◆ WORK INSTRUCTIONS:
Write out exactly, excluding pictures, the lines from the one containing "The Eisriesenwelt (German" through the end of the data, both included.

◆ INPUT DATA:
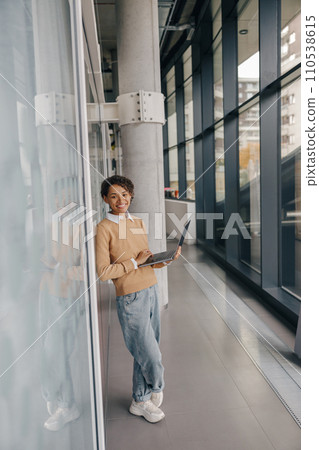 Smiling female manager using laptop while standing on office background and looks camera 110538615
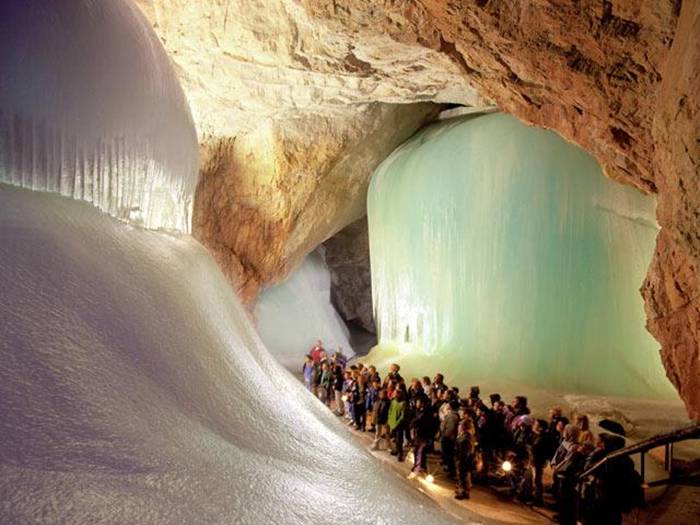 The Eisriesenwelt (German for "World of the Ice Giants") is a natural limestone ice cave located in Werfen, Austria, about 40 km south of Salzburg. The cave is inside the Hochkogel mountain in the Tennengebirge section of the Alps. It is the largest ice cave in the world, extending more than 42km and visited by about 200,000 tourists every year.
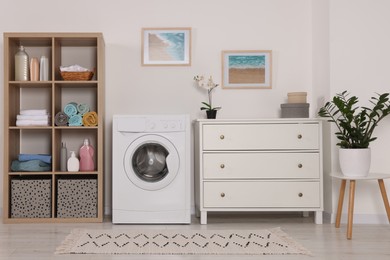 Photo of Stylish laundry room with washing machine and chest of drawers. Interior design
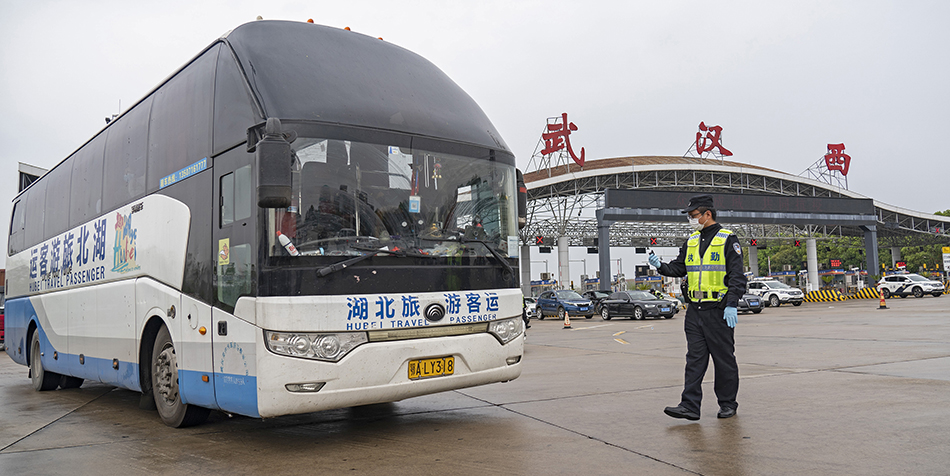 3月24日，在武汉西高速收费站交通卡点，执勤民警准备检查车辆。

◆ TASK SOLUTION:
 The Eisriesenwelt (German for "World of the Ice Giants") is a natural limestone ice cave located in Werfen, Austria, about 40 km south of Salzburg. The cave is inside the Hochkogel mountain in the Tennengebirge section of the Alps. It is the largest ice cave in the world, extending more than 42km and visited by about 200,000 tourists every year.
 Photo of Stylish laundry room with washing machine and chest of drawers. Interior design
 3月24日，在武汉西高速收费站交通卡点，执勤民警准备检查车辆。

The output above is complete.